What to do
Scan the entries for the word "using" and return every line that has it.

Material to process
BEGIN
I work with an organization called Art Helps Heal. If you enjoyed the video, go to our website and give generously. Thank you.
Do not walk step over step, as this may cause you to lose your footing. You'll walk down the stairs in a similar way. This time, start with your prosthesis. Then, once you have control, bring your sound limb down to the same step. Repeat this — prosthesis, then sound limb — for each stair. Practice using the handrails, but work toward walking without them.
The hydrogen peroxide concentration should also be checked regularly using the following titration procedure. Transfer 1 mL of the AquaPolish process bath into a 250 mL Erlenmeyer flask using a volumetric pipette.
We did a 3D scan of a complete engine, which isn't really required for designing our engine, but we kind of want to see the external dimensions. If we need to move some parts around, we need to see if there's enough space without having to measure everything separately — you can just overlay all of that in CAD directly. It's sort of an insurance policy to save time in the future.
END
BEGIN
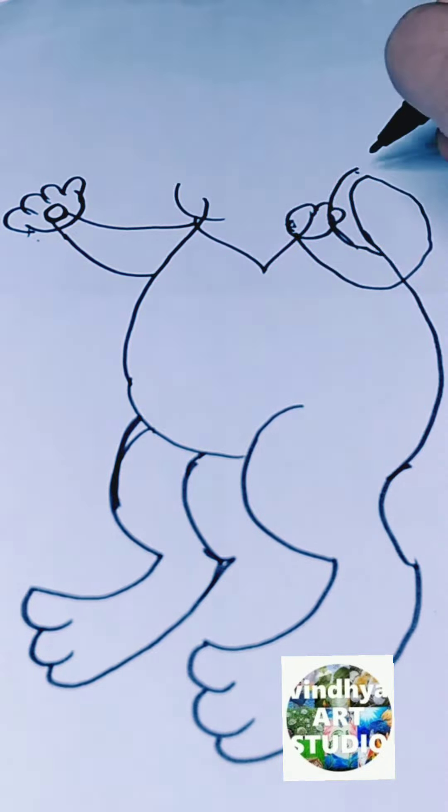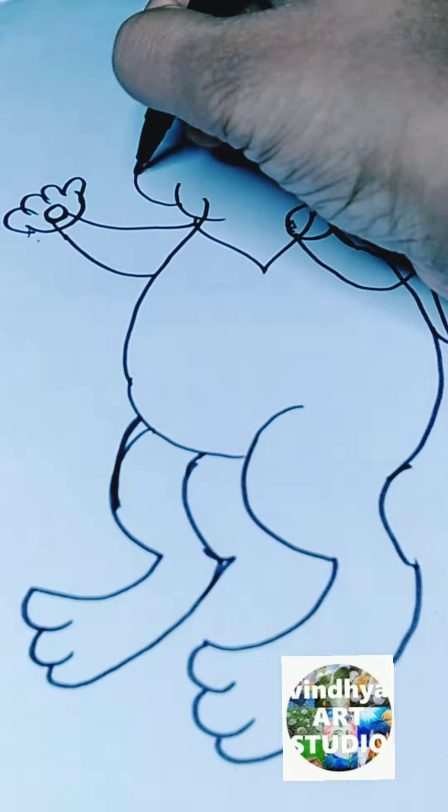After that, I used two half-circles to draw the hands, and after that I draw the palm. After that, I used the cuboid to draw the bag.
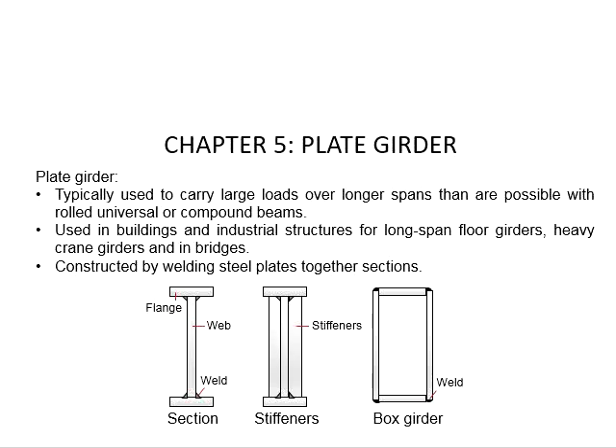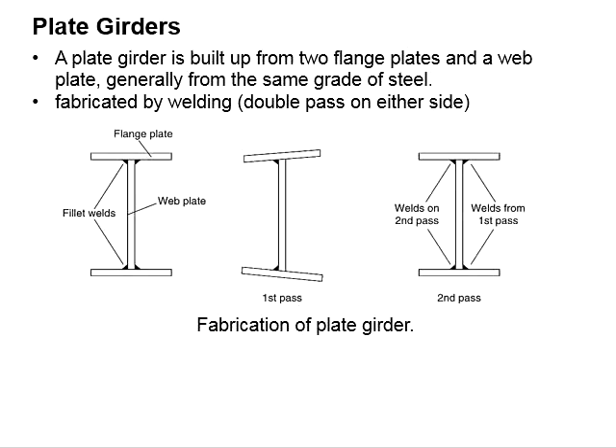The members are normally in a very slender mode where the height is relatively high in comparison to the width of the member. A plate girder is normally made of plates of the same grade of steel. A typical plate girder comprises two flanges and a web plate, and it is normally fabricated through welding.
END
Task answer
Do not walk step over step, as this may cause you to lose your footing. You'll walk down the stairs in a similar way. This time, start with your prosthesis. Then, once you have control, bring your sound limb down to the same step. Repeat this — prosthesis, then sound limb — for each stair. Practice using the handrails, but work toward walking without them.
The hydrogen peroxide concentration should also be checked regularly using the following titration procedure. Transfer 1 mL of the AquaPolish process bath into a 250 mL Erlenmeyer flask using a volumetric pipette.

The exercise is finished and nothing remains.